The point is, spousal support is supposed to be for women who have put off a career to be a homemaker and then have a husband who leaves them with reduced career potential and no income. I can understand the idea. I can understand contracting up front to cover such a contingency in a marriage agreement contract. There is some validity to some of the compensations for considerations made by one spouse for the good of the family, but of course, she took the family with her. It's not like I'm paying her a refund for something she returned to me. She's got the whole enchilada. The fact is though, she left me and it was a no-fault arrangement. It was also uncontested by me, as well. She also left me to move directly in with someone else, whom she had already been seeing. With a little detective work, I could have divorced her, with grounds. She's not out trying to make herself an independent person with a career. I don't think she's ever been outside of a relationship with somebody for more than six months since she was sixteen. She's started herself a new family.

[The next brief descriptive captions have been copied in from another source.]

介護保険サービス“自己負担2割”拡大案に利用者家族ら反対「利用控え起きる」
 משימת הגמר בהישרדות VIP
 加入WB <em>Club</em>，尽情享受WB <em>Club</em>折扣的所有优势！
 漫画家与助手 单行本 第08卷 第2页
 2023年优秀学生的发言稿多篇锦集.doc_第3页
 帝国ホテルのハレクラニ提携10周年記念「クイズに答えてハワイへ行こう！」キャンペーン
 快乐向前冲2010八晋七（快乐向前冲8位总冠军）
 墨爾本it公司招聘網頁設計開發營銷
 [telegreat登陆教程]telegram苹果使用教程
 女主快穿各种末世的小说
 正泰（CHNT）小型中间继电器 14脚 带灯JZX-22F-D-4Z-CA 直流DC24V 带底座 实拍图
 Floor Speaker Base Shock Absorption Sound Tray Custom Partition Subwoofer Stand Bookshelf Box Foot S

She's not having to struggle with living on her own. She has the resources of two families now. She's buying furniture, and a minivan, and she and her whatever-you-call-him are looking for larger living accomodations. She didn't divorce herself from me; effectively, she merely divorced me from my family and replaced me with someone she liked better -- while keeping her hand in my wallet, no less. She's not homeless and starving. She certainly wasn't abandoned. She's just mooching, and using, because she can, and it's going to stop. I told her Saturday that she has another family now, she does not need to bleed me for resources any longer. I can think of people and things for whom/which I care, and upon which I could spend some of that. I deserve a life too, and I'm going to have mine back.